-- Opening Marker --

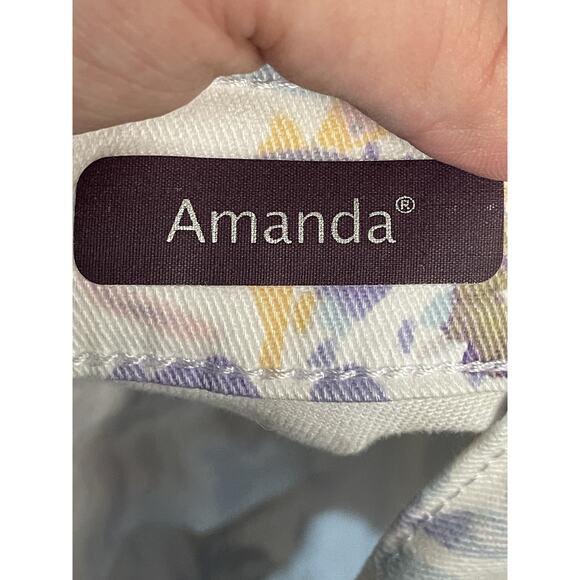 Gloria Vanderbilt Pants Womens 10P Floral Amanda Capri Stretch Denim Petite - Picture 11 of 14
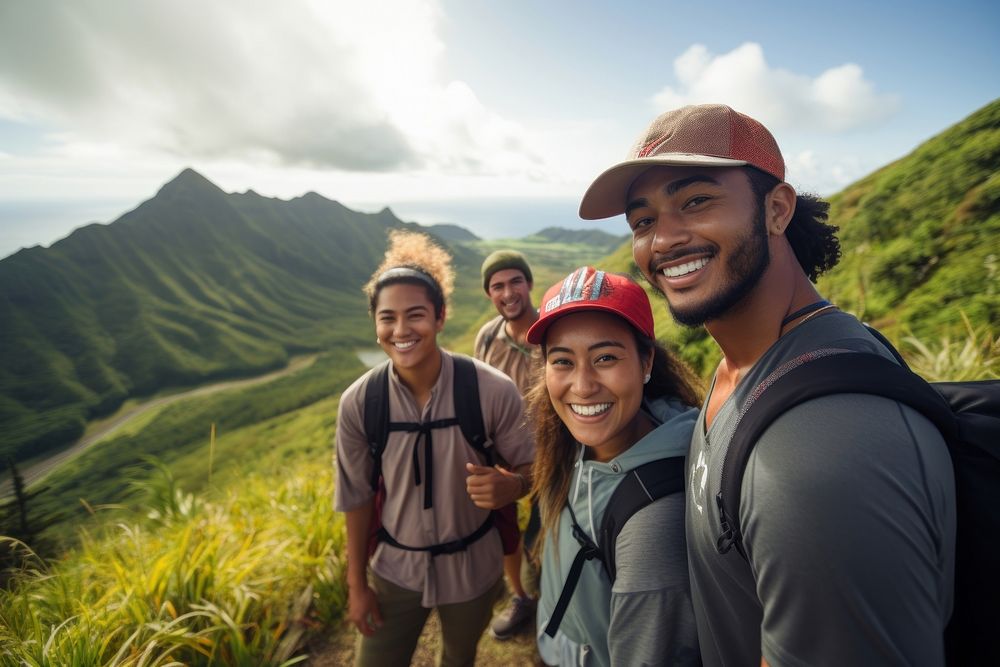 Young Samoan friends hiking photography recreation.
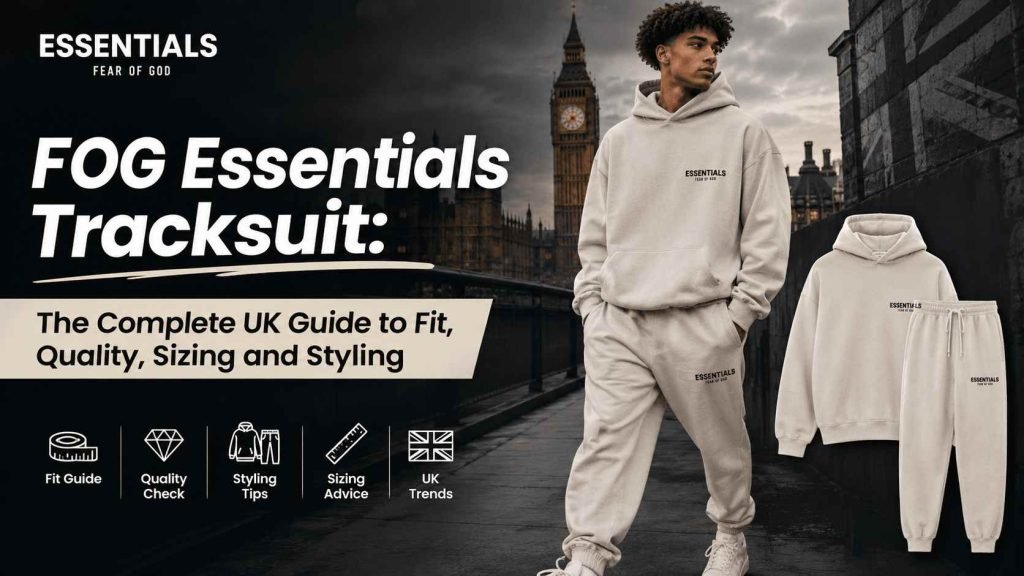 FOG Essentials tracksuit in a UK streetwear style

-- Closing Marker --

**Task brief**
Start to finish, write out the data above exactly, omitting all pictures.

**Exercise solution**
 Gloria Vanderbilt Pants Womens 10P Floral Amanda Capri Stretch Denim Petite - Picture 11 of 14
 Young Samoan friends hiking photography recreation.
 FOG Essentials tracksuit in a UK streetwear style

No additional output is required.